**Exercise prompt:**
Each line in the material below, starting at the one with "A male scientist" and ending at the one with "A.O.K.-Stellung an der", is to be reproduced exactly; no picture is to be copied.

**Material provided:**
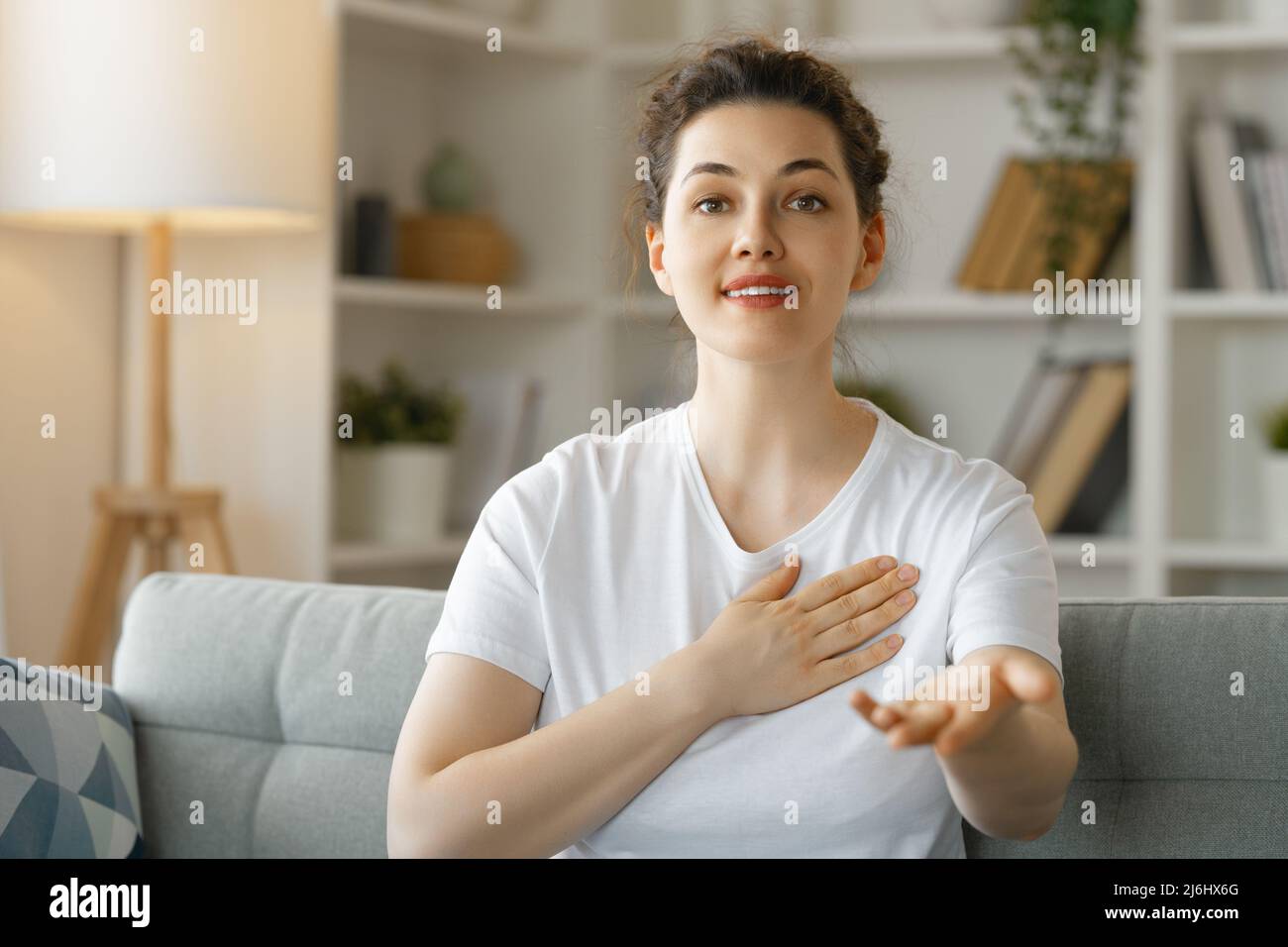 Delighted charming woman with gapped teeth in cozy outfit holding palms on  chest in grateful or thankful pose smiling broadly receiving warm Stock  Photo - Alamy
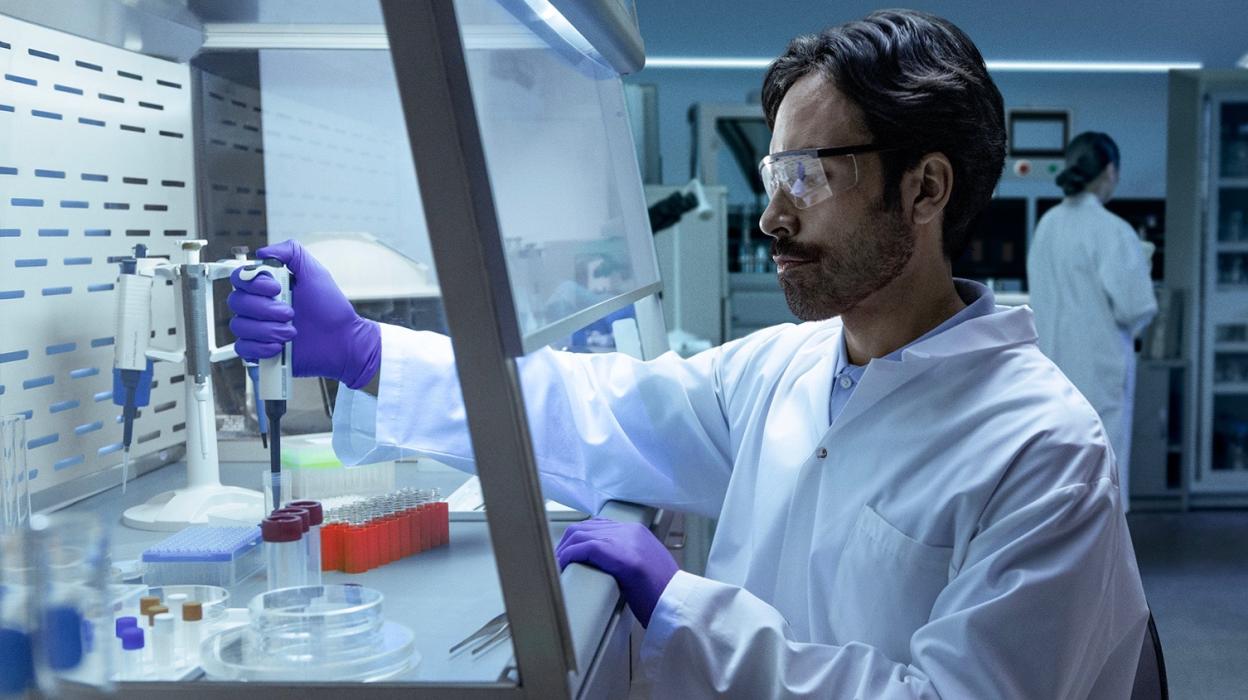 A male scientist in a white lab coat, purple gloves, and safety glasses works inside a fume hood, carefully pipetting liquid into a small beaker in Canada.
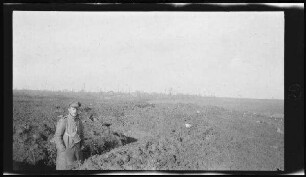 A.O.K.-Stellung an der Somme (Fluss im Norden Frankreichs): Leutnant Maily mit über der Brust geschnalltem Tornister bis zu den Oberschenkeln in einem Laufgraben stehend, dahinter Blick auf Sailly-Saillisel (Dep. Somme, Frankreich)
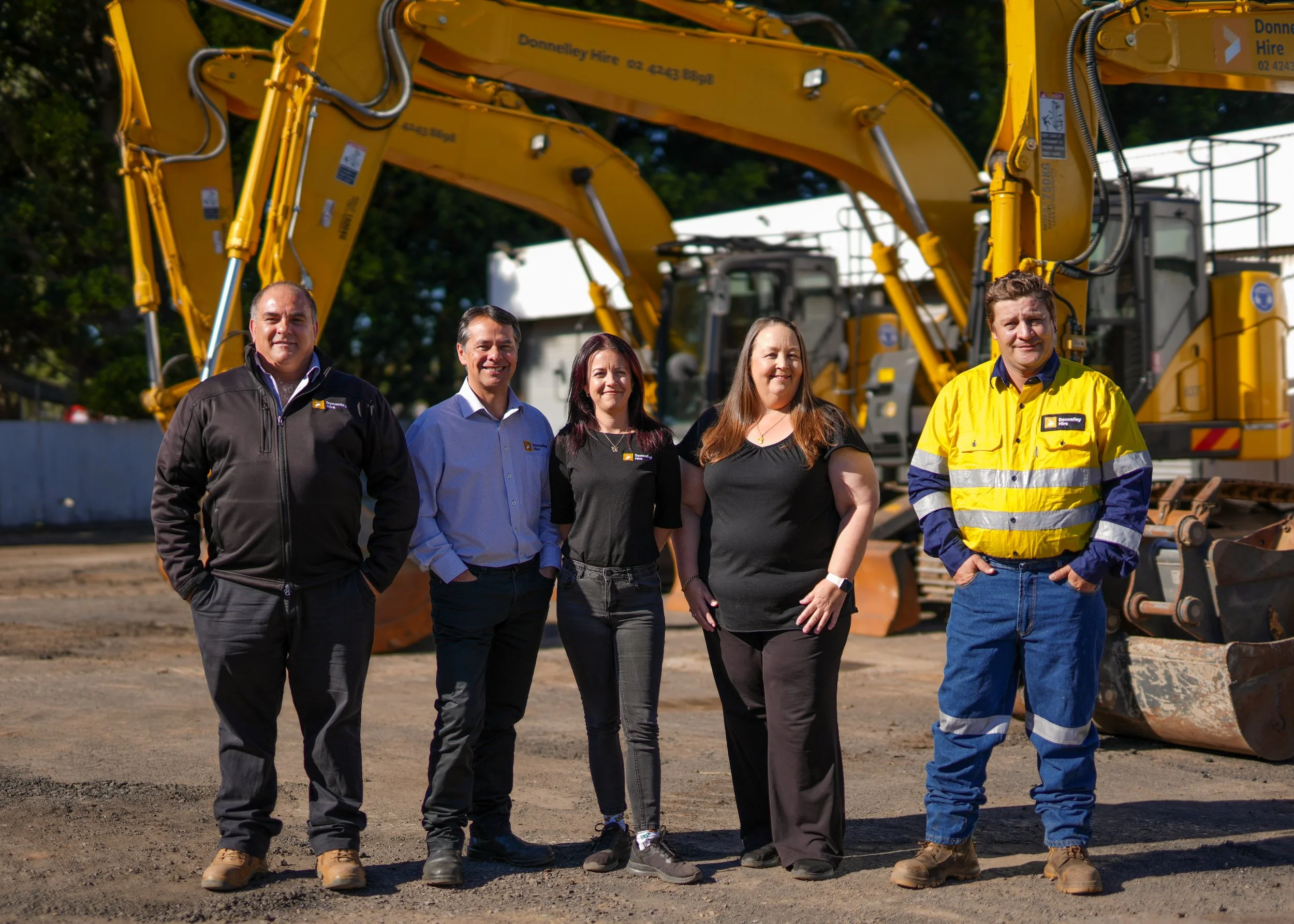Five people standing in front of construction equipment, with two large yellow excavators in the background. They are outdoors on a construction site.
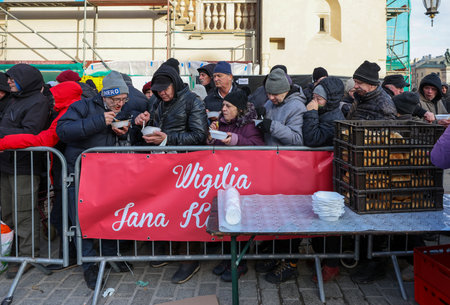 Krakow, Poland - Dec 17, 2023: Christmas Eve for the poor and homeless on the Main Square in Cracow. The group Kosciuszko prepares the greatest eve in the open air in Krakowのeditorial素材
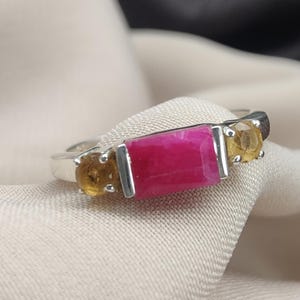 Könnte beinhalten: Ein silberner Ring mit einem großen, rechteckigen, magentafarbenen Edelstein in der Mitte, flankiert von zwei kleineren, runden, gelbbraunen Edelsteinen. Der Ring liegt auf einem neutralen Stoffhintergrund.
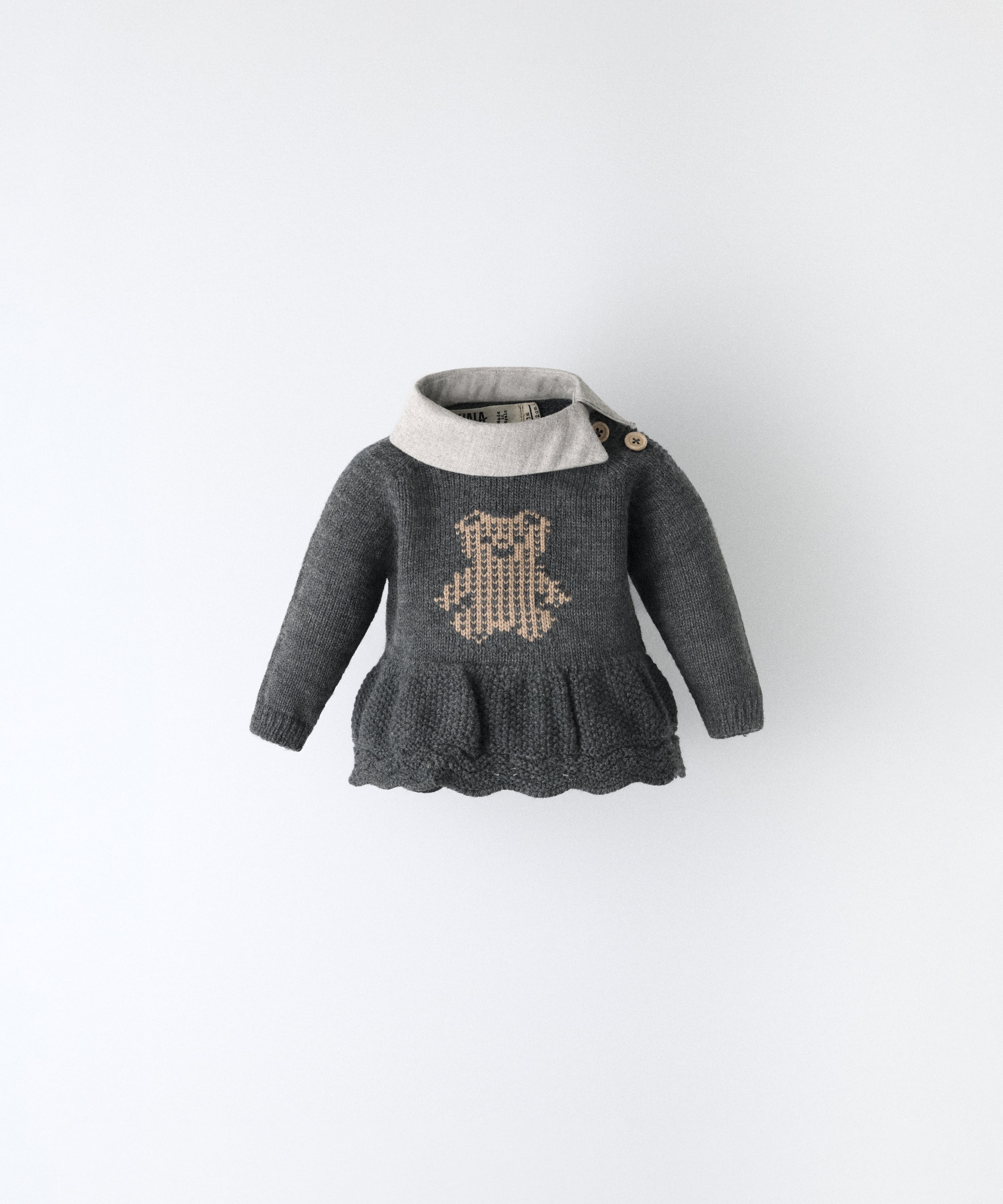 Vestido en punto gris oscuro con oso Kala en intarsia color beige y cuello en sarga gris clara. Apertura en el hombro con botones en tonalidad beige. Ideal para poder vestir a tu bebé. www.kala.es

**Written solution:**
 A male scientist in a white lab coat, purple gloves, and safety glasses works inside a fume hood, carefully pipetting liquid into a small beaker in Canada.
 A.O.K.-Stellung an der Somme (Fluss im Norden Frankreichs): Leutnant Maily mit über der Brust geschnalltem Tornister bis zu den Oberschenkeln in einem Laufgraben stehend, dahinter Blick auf Sailly-Saillisel (Dep. Somme, Frankreich)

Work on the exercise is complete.